▸ INSTRUCTIONS FOR THE TASK
Take the records below and set down exactly the lines from the one with "Floral Tiered Mini Dress" to the one with "istock Liberty - an", ends included; do not copy the pictures.
START DATASET RECORDS
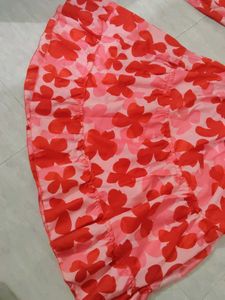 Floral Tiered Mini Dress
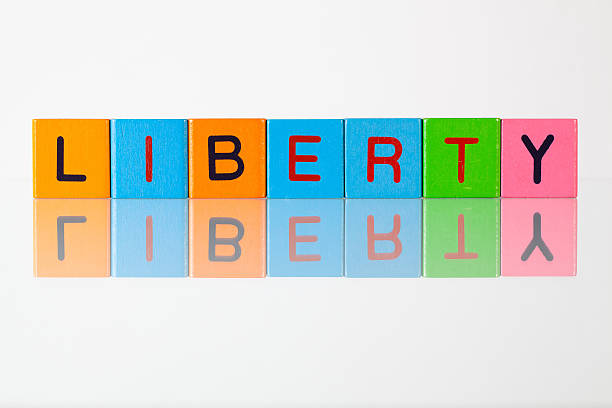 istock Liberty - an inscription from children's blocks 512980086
END DATASET RECORDS
START DATASET RECORDS
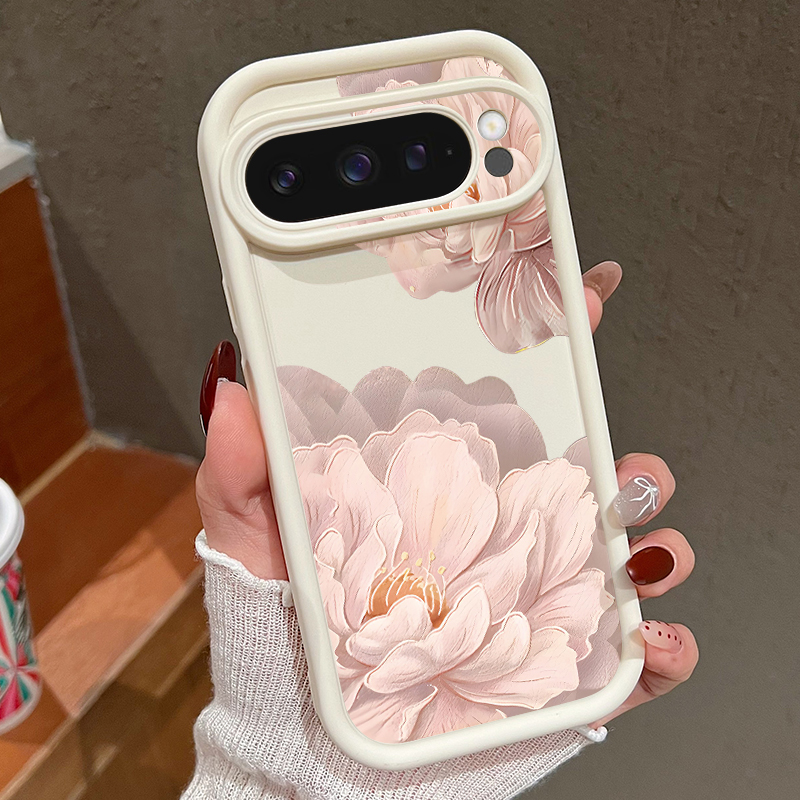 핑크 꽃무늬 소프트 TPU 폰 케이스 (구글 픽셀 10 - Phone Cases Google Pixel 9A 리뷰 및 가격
END DATASET RECORDS
START DATASET RECORDS
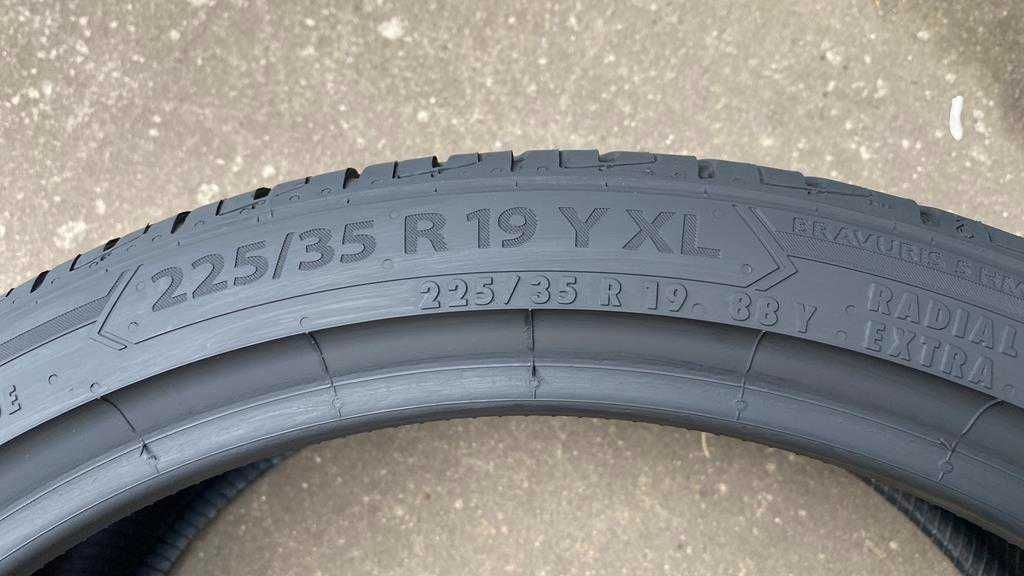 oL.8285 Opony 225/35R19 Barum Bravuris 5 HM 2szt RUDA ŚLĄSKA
END DATASET RECORDS
▸ ANSWER SECTION
 Floral Tiered Mini Dress
 istock Liberty - an inscription from children's blocks 512980086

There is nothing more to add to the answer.